From: The Third Circuit Blog
The decision in United States v. Doe, http://www.ca3.uscourts.gov/opinarch/083968p.pdf, holds that if the starting point for the sentence is not lowered by the retroactive crack amendment, a defendant is ineligible for relief under 18 U.S.C. section 3582(c)(2). This seems to put an end to litigation on behalf of career offenders who receive departure sentences, or those subject to mandatory minimum sentences who received 5K/3553(e) relief.
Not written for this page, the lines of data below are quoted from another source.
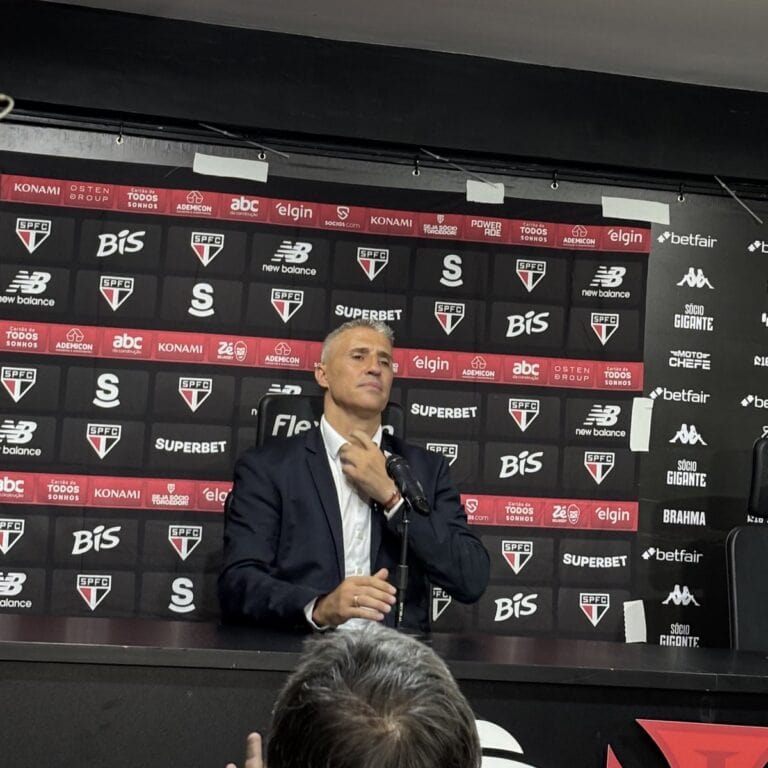Imagem de um homem em pé, usando terno, sentado na mesa de uma coletiva de imprensa. fundo com logos do São Paulo Futebol Clube, patrocinadores e marcas associadas ao time.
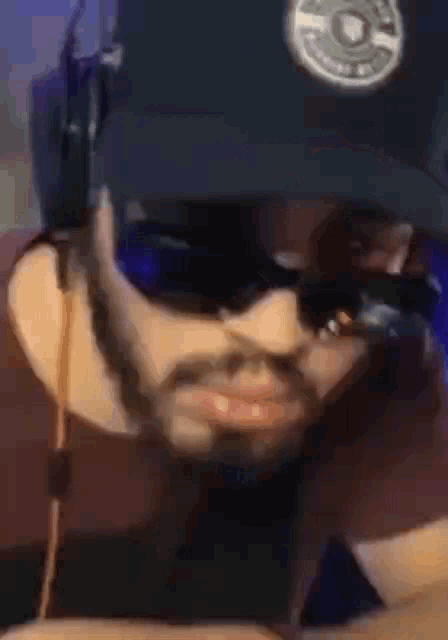 a man with a beard wearing a hat and sunglasses .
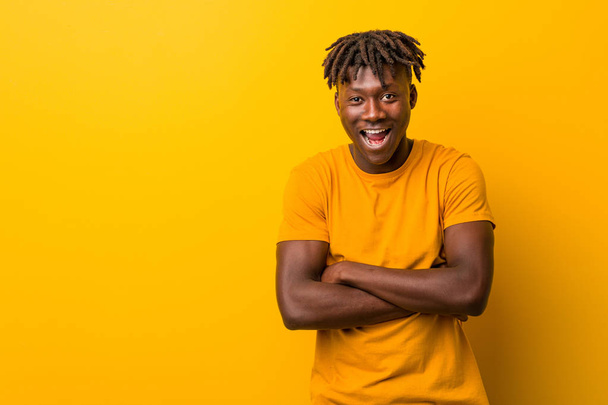 Jonge zwarte man dragen rasta 's over gele achtergrond lachen en plezier hebben. - Foto, afbeelding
The decision is based on what the panel calls the “second element” of section 3582(c)(2), which provides that reductions in sentence should be “consistent with” policy statements of the Sentencing Commission, and the Commission’s policy statement in USSG section 1B1.10 that defendants are not entitled to relief unless the amendment has the effect of “lowering the defendant’s applicable guideline range.” Because its ruling is based on the “second element,” the decision does not address Doe’s “based on” or rule of lenity arguments.
Judge Fuentes writes a concurring opinion that sounds almost like a dissent, commenting that it is unclear (though not grievously ambiguous, so no rule of lenity relief) that the Commission intended this result and that the Court’s interpretation creates some serious inequities among crack defendants.
Doe will seek rehearing en banc. The petition is due on May 14th.